Once at this height the main engine would cut out and the craft would then continue to its orbital height of 300km. Once there it would manoeuvre into the required position using a series of onboard thrusters - similar to those used in other space craft.

A full payload of 7 tonnes could be delivered to low earth orbit whilst lighter loads would be launched to geostationary orbit with the aid of a perigee motor*.

Another important part of the journey is re-entry. As the HOTOL design had a relatively large wing area, the re-entry temperatures would not rise above 1,400°C and thus expensive insulation tiles (such as the Shuttle uses) were not required. This would also save on development and manufacturing costs.

Another advantage of the design is that HOTOL could be launched from one equatorial location but return to a maintenance facility in Europe.

HOTOL design can be traced back to the 'Swallow' supersonic swingwing vehicle developed by Sir Neville Barnes Wallis* which had similar ideas behind it but lacked a suitable rocket propulsion system.

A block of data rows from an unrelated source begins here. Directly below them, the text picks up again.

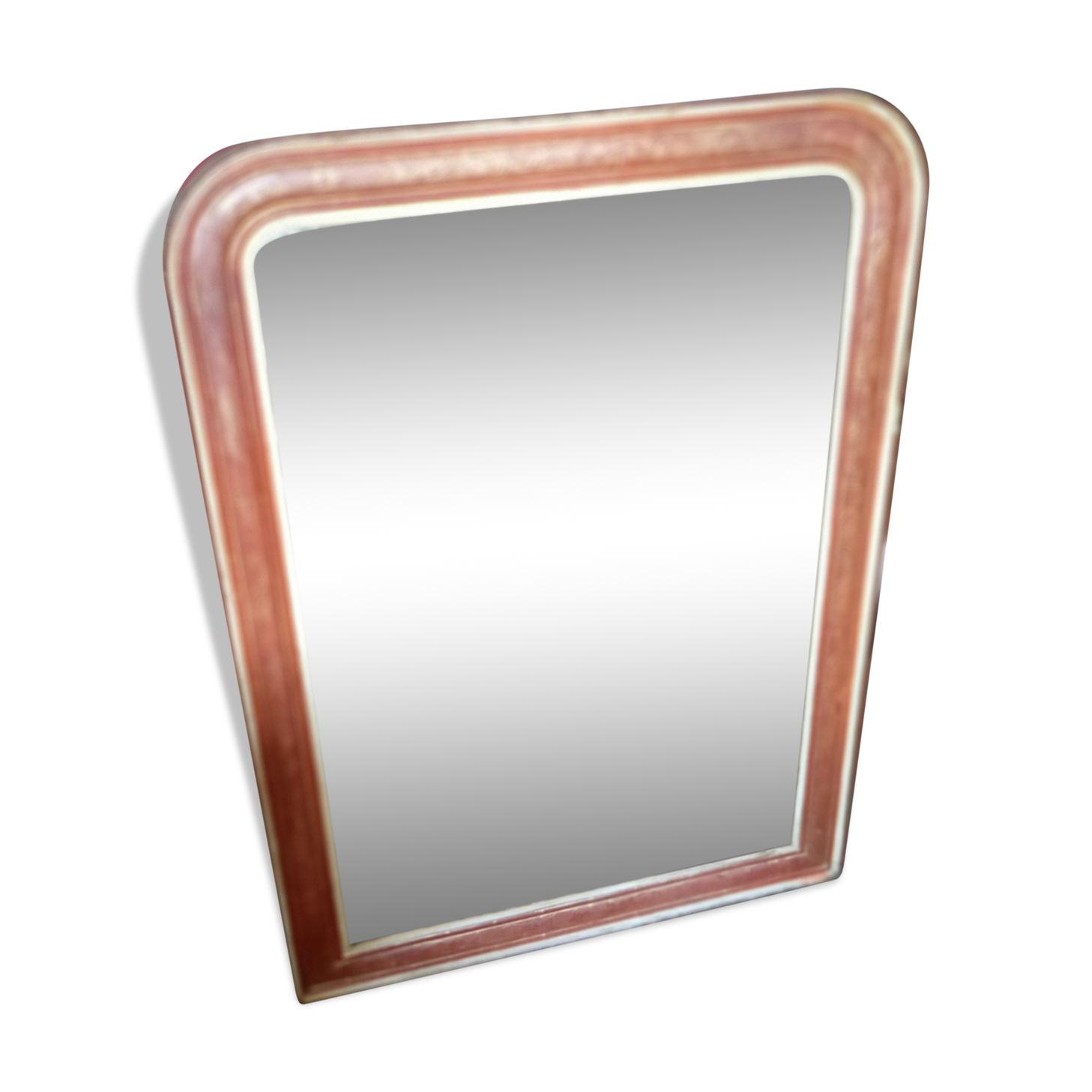 Louis Philippe mirror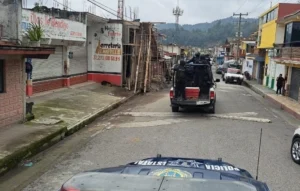 ROJA Tres abatidos en Veracruz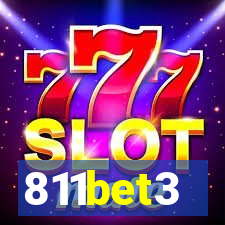 811bet3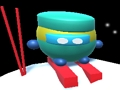 Spel Ski-dash  online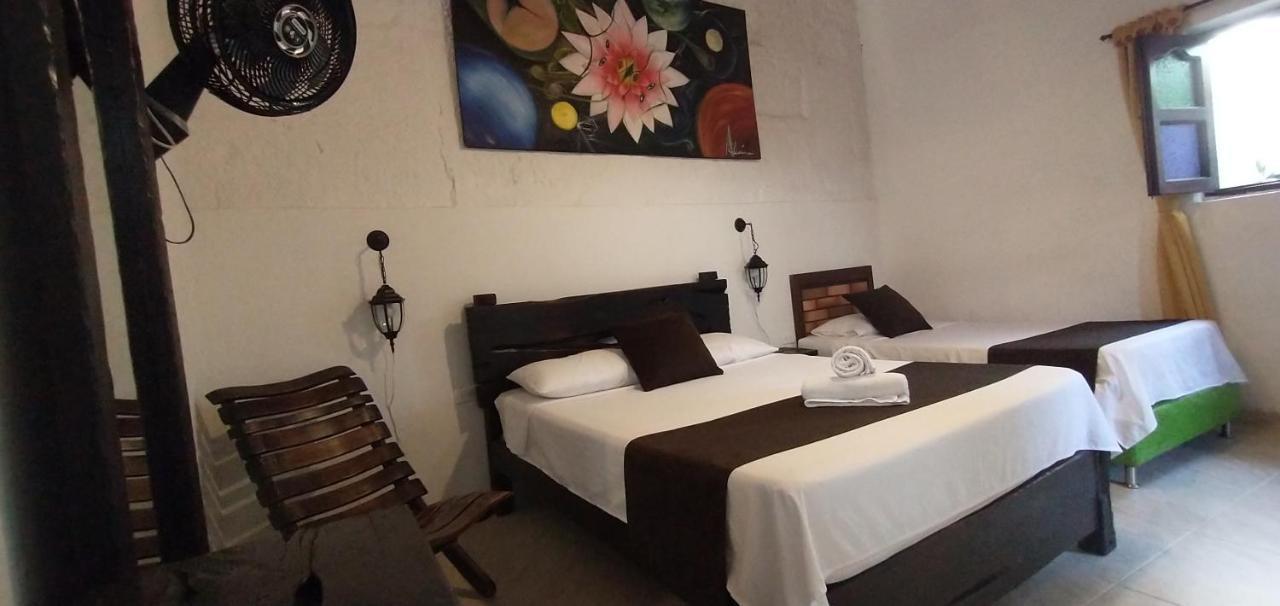 Santander Aleman Hostel سان جيل المظهر الخارجي الصورة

The engine was to be the Rolls Royce RB545 based on a design by Alan Bond3 who licensed it to Rolls Royce on the understanding they would bring it to production. The engine was a liquid oxygen (LOX) / liquid hydrogen (LH2) based design. One problem with such engines is that the LOX fuel required makes up a large proportion of the launch weight and this was addressed in the RB545 by making it extract its own oxygen from the air up to 30km and then switch to the internally carried LOX fuel. This would correspond to switching while travelling at around Mach 6.

It was this innovation and reduced weight which allowed the craft to be single stage and thus had significantly less turnaround and launch costs than more conventional designs. It also meant faster turnaround times. Launch costs were estimated to be around £5million at the time. All of this made HOTOL significantly cheaper than the Space Shuttle and it could be used more frequently.

This still entailed a large amount of LOX to be carried and the design of the landing gear was such that it could not support the vehicle when fully laden. Thus if HOTOL were forced to abort and make an emergency landing the fuel would have to be jettisoned first otherwise the undercarriage would collapse.


Unfortunately the British Government cancelled its funding in 1989 due to government reductions in public spending. This effectively ended the main development of HOTOL as its engine was classified as top secret and foreign investors could not be sought.

Following the government funding cancellation Rolls Royce also pulled out of the partnership and BAe cut the project workforce from 100 to 10.

Instead, BAe approached Russia with a proposal to alter the design to use conventional Russian rocket engines. This meant that the innovative air breathing stage was no longer available and thus the initial launch became a problem again. The proposed solution was to launch interimHOTOL (as it was to be known) from the back of a Russian Antonov airplane. This would have reduced the cost of the project and reduced weight and complexity, although now it could only place 4.5 tonnes into orbit. It also made for a smaller, shorter and fatter design.

Neither the European Space Agency nor the British Government had any interest in the project anymore and it was thus cancelled.


HOTOL still lives on, though, as the main members of the team formed their own company called Reaction Engines Limited. The team includes the designer of the RB545 engine and the company, which operates from the United Kingdom, has worked to improve and refine the engine - solving most of the original problems. This has lead to the current SABRE engine and the SKYLON and LAPCAT A2 skyplane projects.

HOTOL statistics

  • Length: 62m

  • Wingspan: 19.2m

  • Launch mass: 196tonnes

  • Landing mass: 34tonnes

  • Payload: 7-11 tonnes

  • Takeoff speed: 330mph

  • Landing speed: 195mph

1The UK Space Agency, is the main focus for British efforts to explore and exploit space. It is a partnership of 10 Government departments and research councils.2Some sources say 11 tonnes.3Alan Bond (1944- ) worked for BAe as consultant engineer on HOTOL. He had previously worked on the Blue Streak ballistic missile and the Daedalus spaceship project. He has also worked for the UK Atomic Energy Authority on nuclear fusion. Now works for Reaction Engines Limited.